On the numeracy front, she’s got a big book about numbers that has an introduction to basic sums towards the back, which she’s very interested in. We get lego bricks out and do the sums with those and she’s now started to freqently use the words ‘plus’, ‘add’ and ‘equals’ in her vocabulary - testing them out to see if she’s got the right understanding of them, I think. Again, it’s amazing to watch all this learning going on without me sitting down and saying ‘right, it’s time to learn how to add’ - she just does it! She’ll be counting books for us to read before bed (we usually set a limit e.g. ‘we’ve got time for 8 tonight’), and will go and check how many she’s chosen so she knows how many more she needs to choose to make up the number. She’ll be sharing out pencils or toys with Mopsy and taking a certain number from her own pile so Mopsy’s got the same amount. There’s nothing contrived at all about the maths going on in our house, and it’s a real pleasure to watch and be invovled with, when we’re allowed to be involved, of course!
Flopsy’s writing is also coming on in leaps and bounds - she is still nuts about tracing over dotted letters and is more confident to try the seemingly harder ones now. She can confidently write T, O, i, E, l, A and is happy to have a go at V, U and Y but won’t attempt anything else at the moment. One of her uncles is called Tom and she spends a lot of time writing To Tom (coming up to ask us to write the M for her) on any piece of paper she can find.

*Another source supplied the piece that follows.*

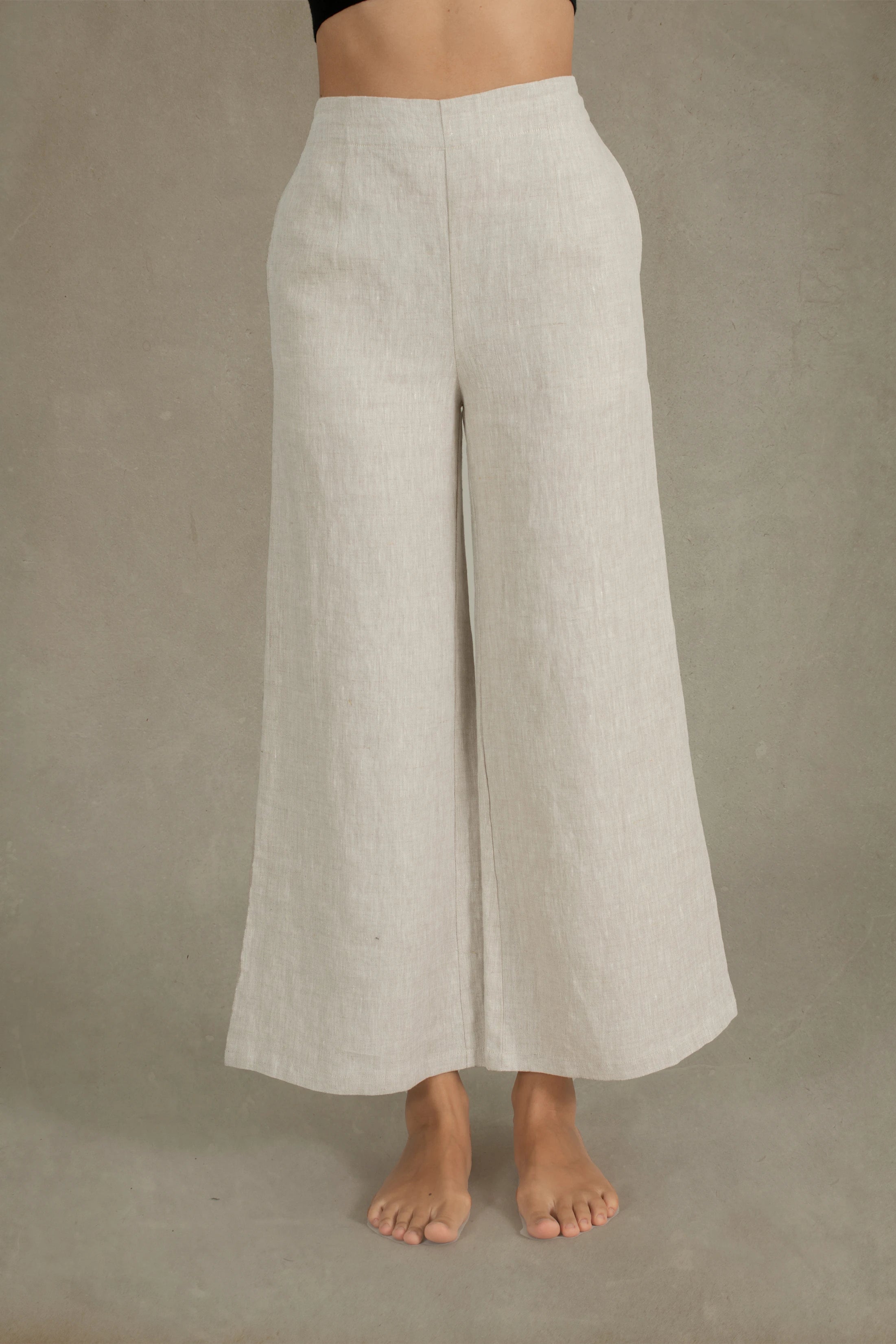 Solare Linen Culotte Pant Natural Beige Luxmii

Mopsy has become a puzzle fiend and is becoming really adept at putting jigsaw puzzle pieces together. We’ve got a really nice puzzle that consists of twenty little puzzles of two pieces each, and she’ll sit and concentrate on doing it twice over sometimes! This is a real example of how she’s learnt from Flopsy, as Flopsy wasn’t putting puzzle pieces together until she was about 22m old, but then she didn’t have the chance to see anyone else doing it over and over again like Mopsy has.

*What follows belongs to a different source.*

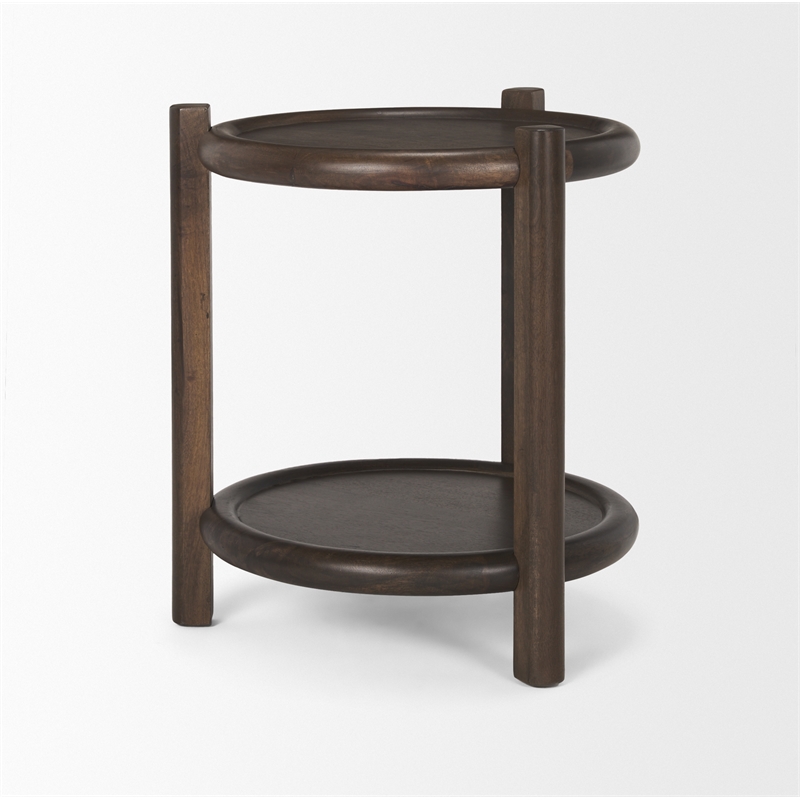 Mercana Furniture Romi Dark Brown Wood w/ Bottom Shelf Round Accent Table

Mopsy is also really good at colouring in - she can colour in specific places, rather than randomly over the page. Interestingly, she holds the pencil in her fist, with the lead sticking out by her thumb, with her forefinger outstretched to guide the pencil. It’s a very accurate and neat method she’s found and I wonder if she’ll have the motivation to ever change it! I suppose she might once she starts writing, but what’s interesting is that Flopsy has held the pencil the way we’re taught to from the very start - maybe it’s something to do with the fact that Mopsy had access to pencils and crayons from a much younger age than Flopsy had and by the time Flopsy got a chance to draw, her fine motor skills had got to the stage where she could easily hold and control a pencil that way.
Mopsy’s speech is also coming along very quickly - she’s got to that point where she’s learning several words a day and I really enjoy deciphering what she’s saying and the feeling of delight on both our parts when we work it out. She’s a really happy, helpful child who is totally obsessed with cleaning and putting things away or ‘way’ as she puts it. If I’m ever stuck for some way to amuse her, all I have to do is give her a damp cloth and she’ll be happy for ages!
Ok, DH has just left for work now, so I’ll have to stop this post and go and play for a bit! I’m glad I got some of it down, though, as it was long overdue!